Analysis of materials from previous excavations that occurred in the early 1960s at the Shiyu archaeological site in China’s Shanxi Province represents what is believed to be the oldest use of such technologies in Northeast Asia, and provides new insights into ancient migrations of humans across the continent.
The Ancient Horse Hunters
According to the new analysis of materials retrieved from the location, the site’s Upper Palaeolithic assemblage dates to 45,000 years ago, and includes “blade technology, tanged and hafted projectile points, long-distance obsidian transfer, and the use of a perforated graphite disk,” according to Yang Shixia, an associate professor and first author of a new study detailing the team’s work.
In addition to its stone tool assemblage, obsidian from the site was determined to have been carried from quarries as far as 1000 kilometers away in the Russian Far East. Yang and the team also found evidence of “increased hunting skills denoted by the selective culling of adult equids, and the recovery of tanged and hafted projectile points with evidence of impact fractures,” according to a recent paper that describes their discoveries.
Other findings from Shiyu included a tool made from worked bone and a piece of graphite that had been shaped into a disc. These discoveries, along with a human cranial bone extracted from the site which, unfortunately, has now been misplaced, are nonetheless helping Yang and the international team reconstruct the migration of Homo sapiens into East Asia in the far distant past.
An Advanced Material Culture
As early as 45,000 years ago, the researchers say they unveiled evidence of “an advanced material culture” as indicated by the presence of Levallois points. This describes a specific flint knapping technique first recognized from 19th-century discoveries in France, which was developed hundreds of thousands of years earlier during the Middle Palaeolithic period by European Neanderthals and modern humans in the eastern Mediterranean.
Samples of animal bone from the original 1960s excavations were subjected to new analysis, which revealed some of them to be the remains of horses displaying modifications resulting from cut marks made by humans.

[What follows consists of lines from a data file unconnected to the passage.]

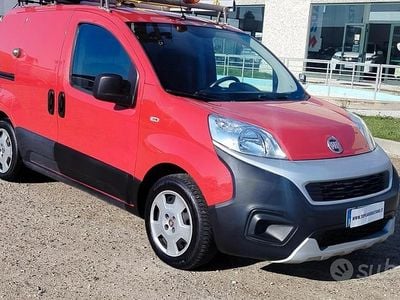 Usata Fiat Fiorino 95 CV (69 kW) 2017 Rosso Monovolume
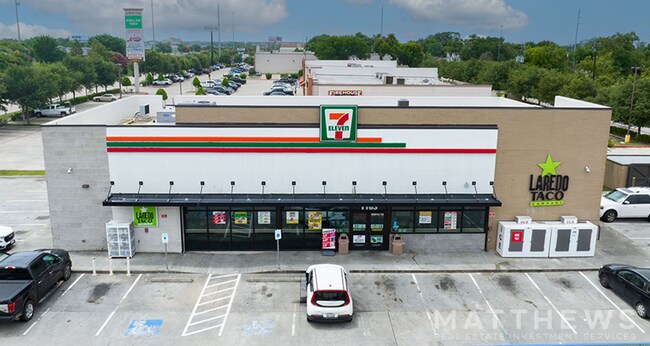 Plus de détails pour 1103 W Main St, La Porte, TX - Commerce de détail à vendre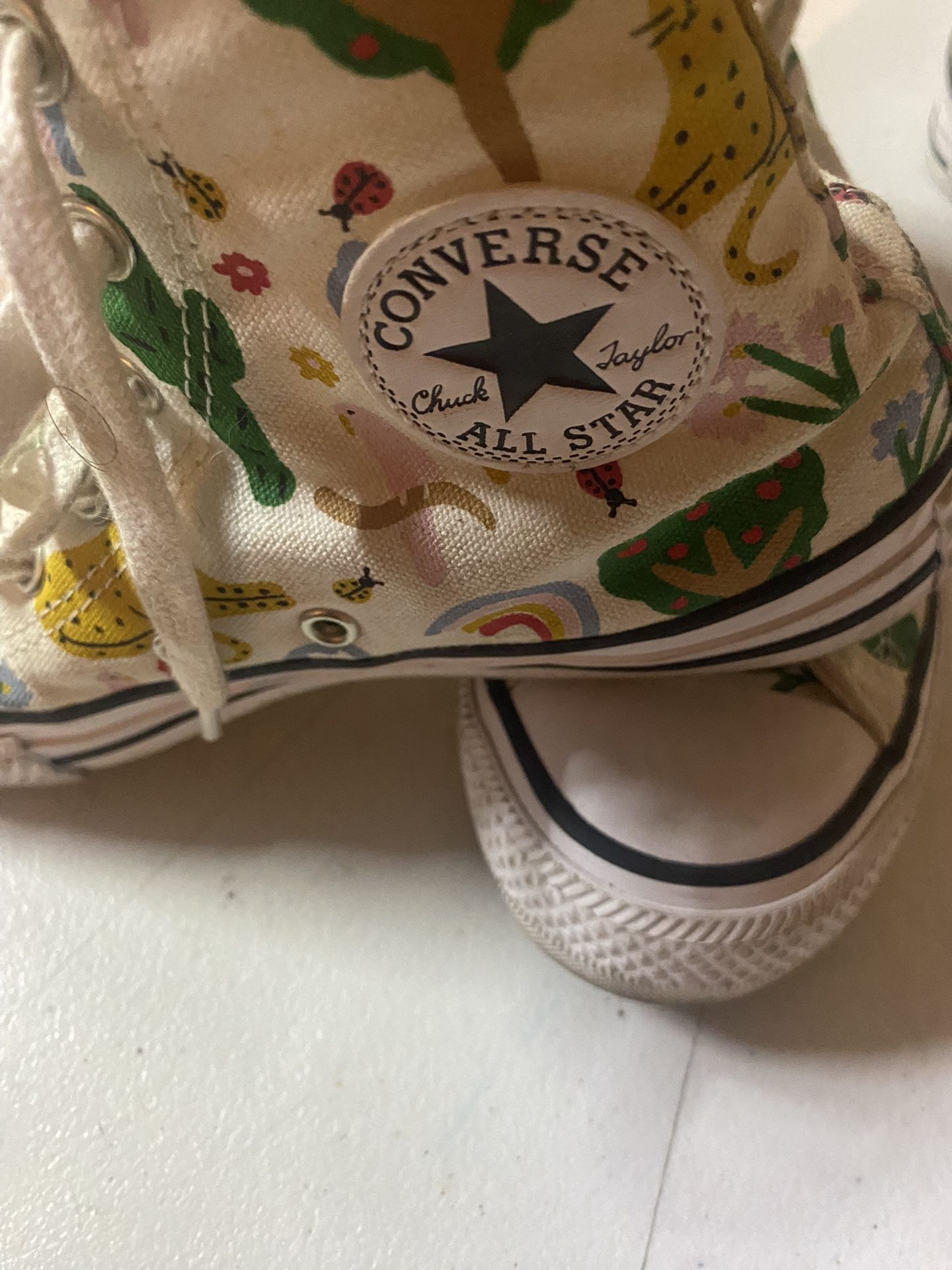 Converse All Star High Top Tennis -  Size 4  - Asking $25 OBO - Used/good Condition -Asking $25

With the addition of radiocarbon dating of the Shiyu site’s main cultural level, the site was dated to between 45,800 and 43,200 years ago.
This ancient horse-hunting group possessed an extremely advanced array of tools for the period, which included awls used to pierce tiny holes in hides and other materials, end-scrapers to help with the removal of hide and muscle following a hunt, as well as cutting tools and borers.

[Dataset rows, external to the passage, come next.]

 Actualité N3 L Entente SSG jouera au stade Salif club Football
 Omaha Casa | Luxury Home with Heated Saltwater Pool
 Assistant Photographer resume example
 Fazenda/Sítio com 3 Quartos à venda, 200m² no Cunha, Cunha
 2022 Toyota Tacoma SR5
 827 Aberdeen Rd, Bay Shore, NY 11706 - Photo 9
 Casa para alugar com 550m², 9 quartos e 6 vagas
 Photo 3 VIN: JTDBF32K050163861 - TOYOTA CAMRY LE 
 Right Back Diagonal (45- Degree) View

In addition to the sophistication of the tools recovered from the site, tracing the obsidian back to sites hundreds of kilometers away also conveys that this group of ancient hunters displayed strategies for material acquisition over long distances.
“Shiyu exhibits a set of advanced cultural behaviours,” Yang and his colleagues write in their paper, “and together with the recovery of a now-lost human cranial bone, the record supports an expansion of H. sapiens into eastern Asia by about 45 ka.”
The team’s new paper, “Initial Upper Palaeolithic material culture by 45,000 years ago at Shiyu in northern China,” appeared in the journal Nature Ecology and Evolution on January 18, 2024.